Second, the areas given and why I believe they're not as useful as alleged.

1\. Activity Days In the example provided "Activity Days" is measured by the
count of lines of code that have been altered. First, this is easily gamed and
second it doesn't actually tell you anything other than an engineer is
(supposedly) altering code. It also doesn't have any insight into the other
responsibilities that an engineer may have during a sprint that have nothing
to do with code. I can only imagine a manager's manager looking at this and
constantly asking why engineer Ben seems to never be active without ever
actually understanding what it is that Ben is really doing day-to-day.

2\. Impact To quote the article, "The bigger is the impact the more will be
the code and the project affected.[sic]" Impact is not synonymous with risk
and risk is far more important to determine. Impact is a small part of the
equation one can use it to help determine risk. That said, risk should be
determined up front as part of pointing prior to any work being done. If a
team can't properly point a piece of work while taking risk into account then
the team likely doesn't understand what they're actually trying to do and need
to do a research spike.

3\. Code Churn The whole point of agile is to iterate and try things. And some
of those things will possibly even be thrown away completely. If a team finds
itself in a situation where it has iterated the entirety of a two-week sprint
on a single piece of functionality then that should be discussed in retro. The
discussion should be to determine if the repeated iterations added value or if
the team was merely spinning its wheels. This is up to the team to decide not
someone who is looking at a "code churn" metric.
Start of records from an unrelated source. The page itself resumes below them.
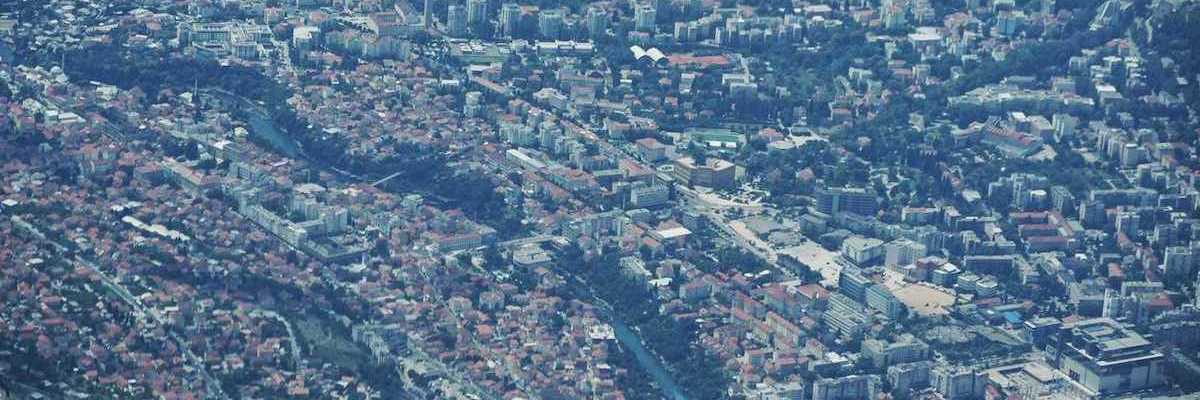 Flugwegposition um 10:07:10: Aufgenommen in der Nähe von Mostar, Bosnien und Herzegowina in 1605 Meter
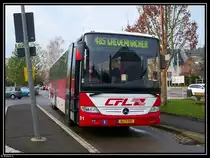 NJ 7781 (Luxemburgerisches Kennzeichen) steht als Linie 485 nach Grevenmacher beim Wasserbilliger Bahnhofsvorplatz. Aufgenommen am 21.11.2009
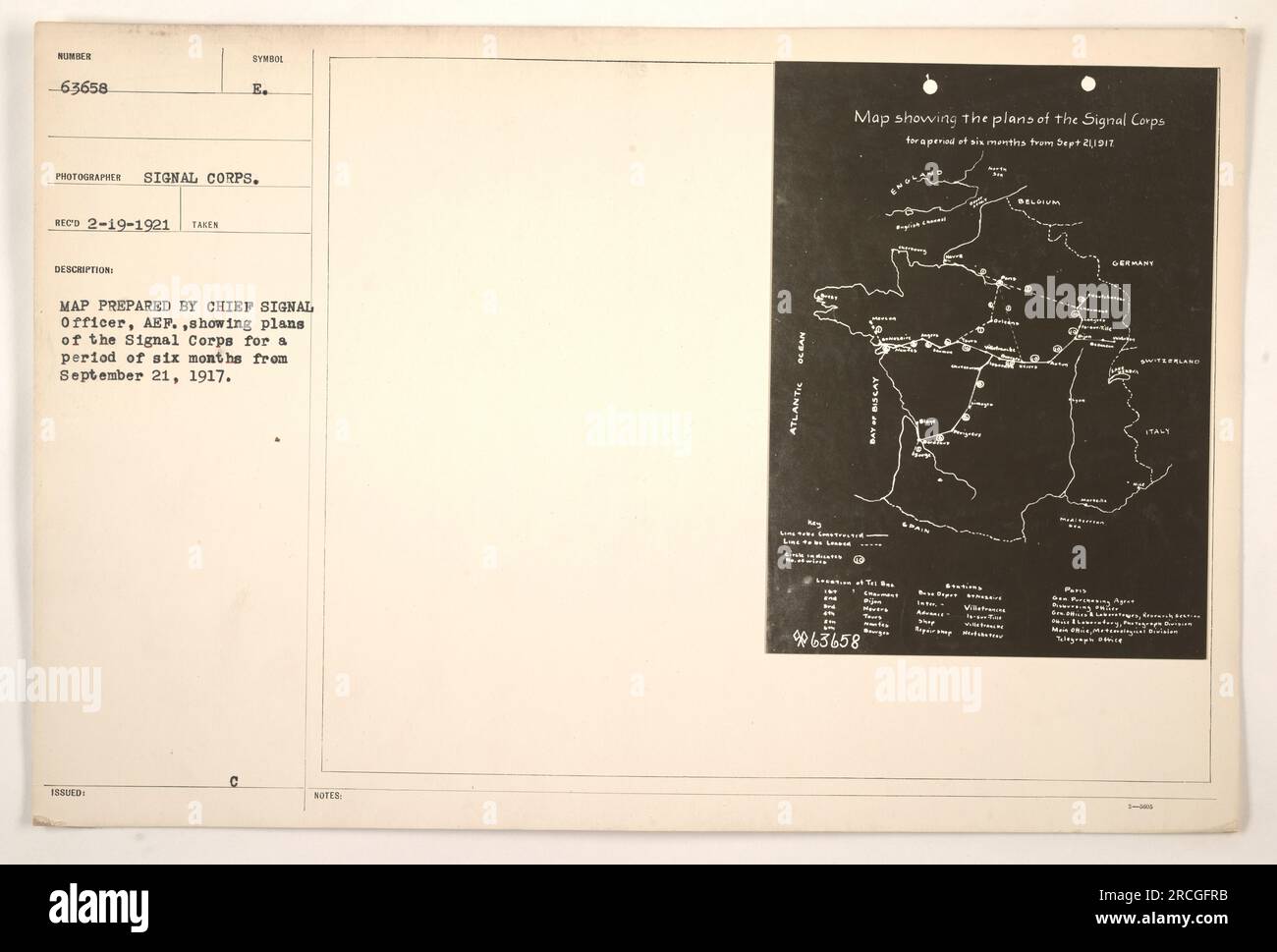 Karte erstellt von Chief Signal Officer, AEF, mit Plänen des Signal Corps für einen Zeitraum von sechs Monaten ab dem 21. September 1917. Die Karte hat die Nummer 63658 und wurde am 19. Februar 1921 empfangen. Das Foto wurde vom Signalkorps aufgenommen. Die Karte enthält Symbole und Hinweise. Stockfoto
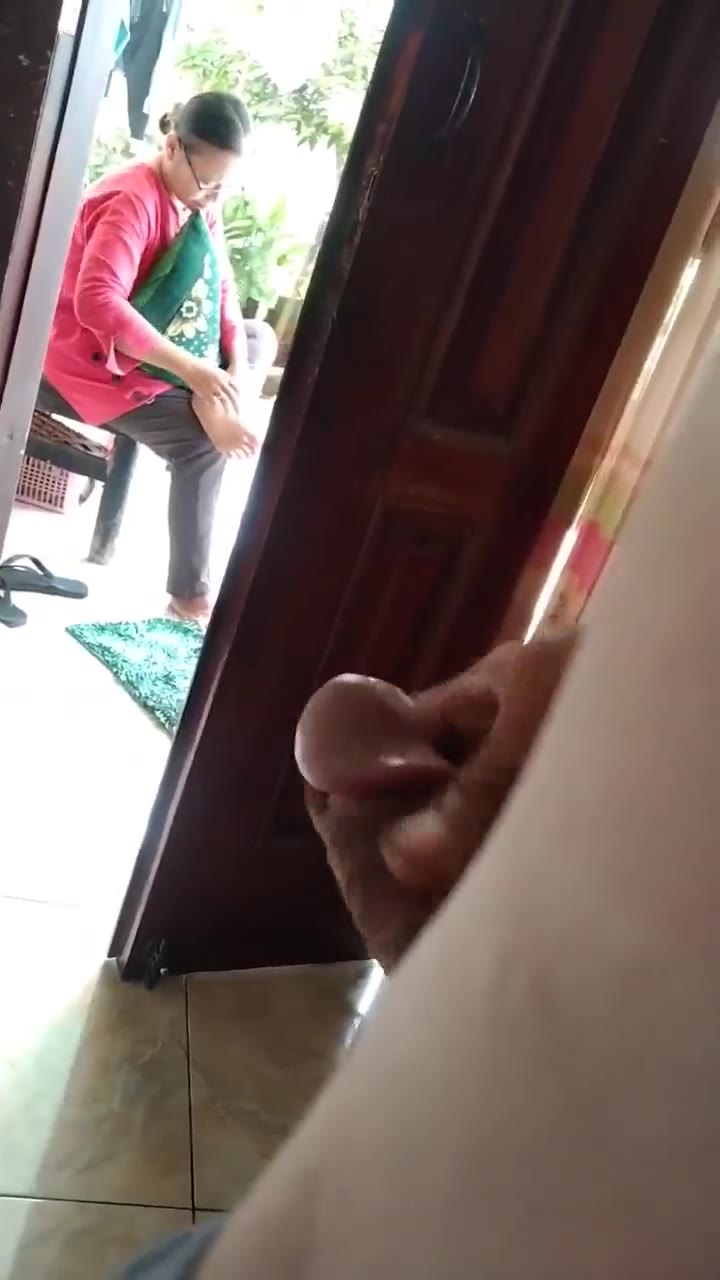 Background nonton video viral BOKEP Ibu Sangean Di Entot Paksa Anak Tirinya Setiap Saat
4\. Work Time Knowing how long engineering takes per work item _as a whole_ is
far more valuable than breaking down an engineer's time into the areas
described (avg pr time, avg review time, time to open pr). The reason for this
is that an engineer's time is only a portion of the overall work done in a
sprint for a work item. A team will generally have to do the following steps
1) design 2) engineering 3) quality assurance 4) documentation. Work items
often have drastically different time requirements within those steps. A case
that may take a day in engineering may require three in quality assurance,
vice versa, or three in each.

Now, what should be measured.

Flow. The flow of work items, in a sprint, from start to finish through every
step of the way. This requires using points to determine complexity, risk, and
other agreed upon concepts (NEVER USE TIME hours, days, etc). Second and even
more important, value. This is the most under observed and ignored attribute
in agile/scrum or any workflow for that matter. If the product owner can't
place a value score on a piece of work then the team should not be doing it.
There is nothing more wasteful than producing a piece of functionality for a
software product that nobody ends up using. Along with this, there needs to be
a way to determine if the value score on a piece of work is accurate as part
of a feedback cycle for the product owner and team. (Observing the life of a
work item in a released product via usage metrics is one way of achieving
this.) When a product owner does this correctly it's amazing to watch. You
can't even imagine how ecstatic customers can be when they're constantly
bombarded with high-value functionality.

For more information, I would recommend the following reading on this topic.

Start here: [https://www.amazon.com/Actionable-Agile-Metrics-
Predictabili...](https://www.amazon.com/Actionable-Agile-Metrics-
Predictability-Introduction/dp/098643633X)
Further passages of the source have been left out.